・Okinawa was originally an independent nation called “Ryuku” and was not part of Japan.
・There was a “Kingdom of Ryuku”, which lasted for 450 years, until 1879. It was a maritime nation and had trading and diplomatic relationships with China, Japan, Korea and other South-Eastern Asian countries. The Kingdom of Ryuku was a small nation with a total population of 170,000.
“Shuri Castle “, which a number of tourists visit today, was a symbol of the Kingdom’s success.
・People in Okinawa use the term “Naicha” to refer to people from other areas of Japan. In the Okinawan language, this term means “inlander”.
・People in Okinawa do not often go swimming at the beach. They would rather barbecue on the beach.
・During the summer, the sun sets at around 20:00 in Okinawa because it is located so far west of the mainland.
・Mimiga is an Okinawan gourmet delicacy consisting of pig ear. It is a common and popular dish.
・Okinawa was the only place in Japan where the US and Japan fought a ground battle during World War II. More than 150,000 civilians were killed in the battle, which accounted for 1/4 of the entire population of Okinawa. (The number of the victims of the atomic bomb in Hiroshima was 80,000.) This was the largest US military operation during World War II, with 1,500 warships and half a million troops. A total of 20,000 US soldiers died during the operation.

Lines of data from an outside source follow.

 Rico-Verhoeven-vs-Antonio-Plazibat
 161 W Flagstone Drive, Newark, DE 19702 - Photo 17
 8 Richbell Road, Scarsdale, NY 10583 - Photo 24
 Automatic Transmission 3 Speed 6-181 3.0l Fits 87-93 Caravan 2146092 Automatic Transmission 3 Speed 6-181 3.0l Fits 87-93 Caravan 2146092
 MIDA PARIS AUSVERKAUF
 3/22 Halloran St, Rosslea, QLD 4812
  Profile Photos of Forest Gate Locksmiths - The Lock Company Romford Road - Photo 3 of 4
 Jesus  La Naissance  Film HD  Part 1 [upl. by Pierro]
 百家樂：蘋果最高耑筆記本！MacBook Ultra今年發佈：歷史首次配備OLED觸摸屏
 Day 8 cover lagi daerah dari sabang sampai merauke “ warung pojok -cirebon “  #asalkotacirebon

・After World War II, the US occupied Okinawa until 1975, at which point it was returned to Japan. Before then, Okinawans drove on the right side of the road and used the UD dollars as currency. They also needed passports to visit mainland Japan.
・There are no railway trains in Okinawa.
・Karate, a martial art, originated in Okinawa. About 1.5 percent of Okinawa’s population are members of the Japan Karate-Do Federation. This rate is the highest among all prefectures in Japan. Many schoolchildren attend dojos (martial arts gyms) after school.
・There are 363 islands in Okinawa Prefecture.
・Several types of fruits, vegetables and plants cannot be taken from Okinawa to mainland Japan because of quarantine regulations.